Browsers routinely become confused and hold elections to argue about which system should function as the master browser, even when an election isn't required (e.g., when a Windows 9x system boots up on the network). When you have a system that incorrectly thinks it should be the master browser for its subnet, the Event Log fills up with messages informing you that the confused system is trying to take control. When you disable the browser, of course, NT 4.0 and legacy systems can't scan for shared resources, and nothing appears in Network Neighborhood. However, as long as an NT system can resolve a NetBIOS name via WINS, the system can successfully connect to shared resources.

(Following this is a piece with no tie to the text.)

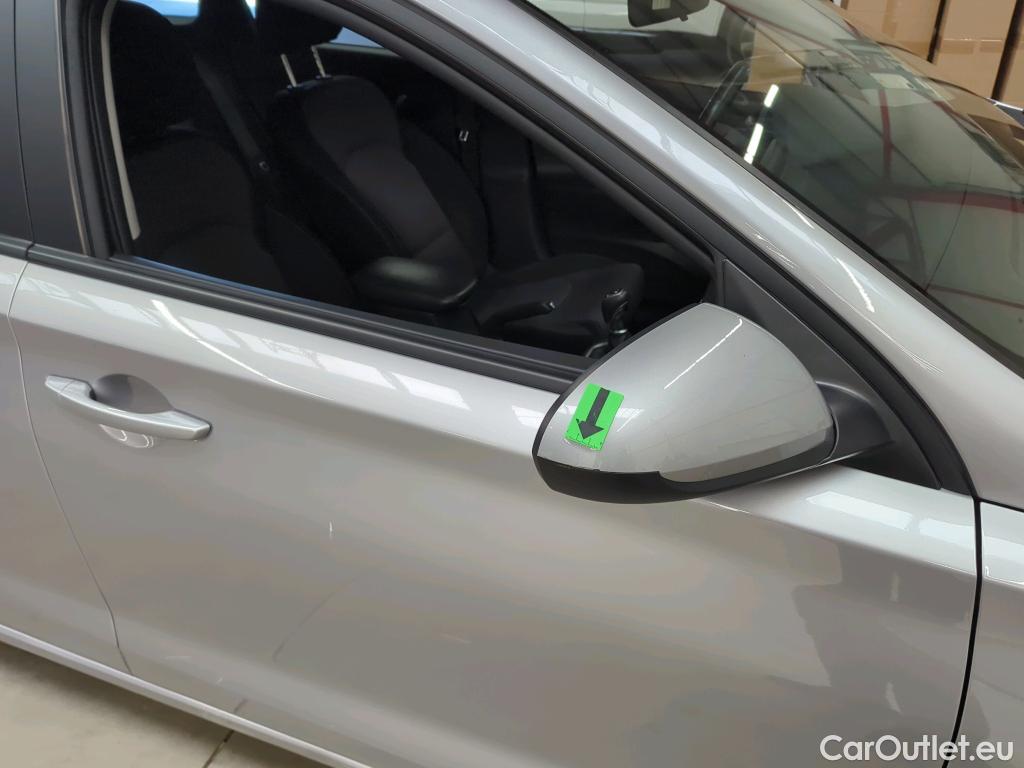  Hyundai  i30 1.5 110CP Comfort #27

If you’re interested in the procedure and the tools you need to disable NT’s browser on all or selected systems, see Microsoft article Q297789.

NT 4.0 RPC Bug Fix
Microsoft article Q297534 reports a problem that impacts programmers who develop remote procedure call (RPC)-based applications. When a program uses RPC for socket communication, the program might stop working for no apparent reason. You can stop and restart the program, but it will stop responding. RPC uses a socket called a SyncSocket to optimize data communication. RPC assumes that the SyncSocket will always be a valid socket and doesn't function properly when another function closes the SyncSocket. When a program incorrectly closes the Syncsocket function, the RPC code enters into an infinite error loop.

To diagnose this problem, run the command netstat –n. If netstat reports many open connections on the RPC port in a CLOSE_WAIT state, you most likely need this bug fix. Microsoft Support has a new version of rpcltscm.dll that handles this error situation correctly. The file has a release date of May 17. You can install this fix only on NT 4.0 Service Pack 6a (SP6a) systems.